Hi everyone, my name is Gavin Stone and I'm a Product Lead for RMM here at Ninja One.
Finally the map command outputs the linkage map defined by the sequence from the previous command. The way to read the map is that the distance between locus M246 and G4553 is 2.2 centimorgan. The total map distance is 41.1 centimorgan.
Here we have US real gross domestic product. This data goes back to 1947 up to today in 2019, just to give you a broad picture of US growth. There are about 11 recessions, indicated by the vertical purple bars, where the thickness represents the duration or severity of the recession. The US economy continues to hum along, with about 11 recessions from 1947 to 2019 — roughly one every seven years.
------------------------
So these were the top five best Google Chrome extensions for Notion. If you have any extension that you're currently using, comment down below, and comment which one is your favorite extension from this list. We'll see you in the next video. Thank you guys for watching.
------------------------
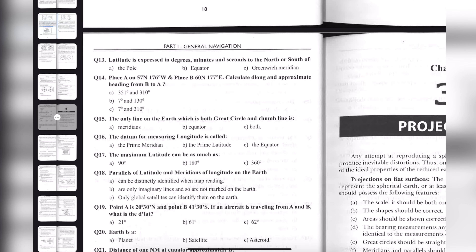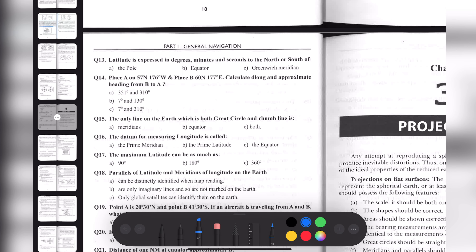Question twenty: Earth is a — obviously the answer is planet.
------------------------
◆ Exercise goal ◆
Give the exact lines, and only those, from the line containing "Finally the map" through the line containing "Here we have" in the entries above.

◆ Answer section ◆
Finally the map command outputs the linkage map defined by the sequence from the previous command. The way to read the map is that the distance between locus M246 and G4553 is 2.2 centimorgan. The total map distance is 41.1 centimorgan.
Here we have US real gross domestic product. This data goes back to 1947 up to today in 2019, just to give you a broad picture of US growth. There are about 11 recessions, indicated by the vertical purple bars, where the thickness represents the duration or severity of the recession. The US economy continues to hum along, with about 11 recessions from 1947 to 2019 — roughly one every seven years.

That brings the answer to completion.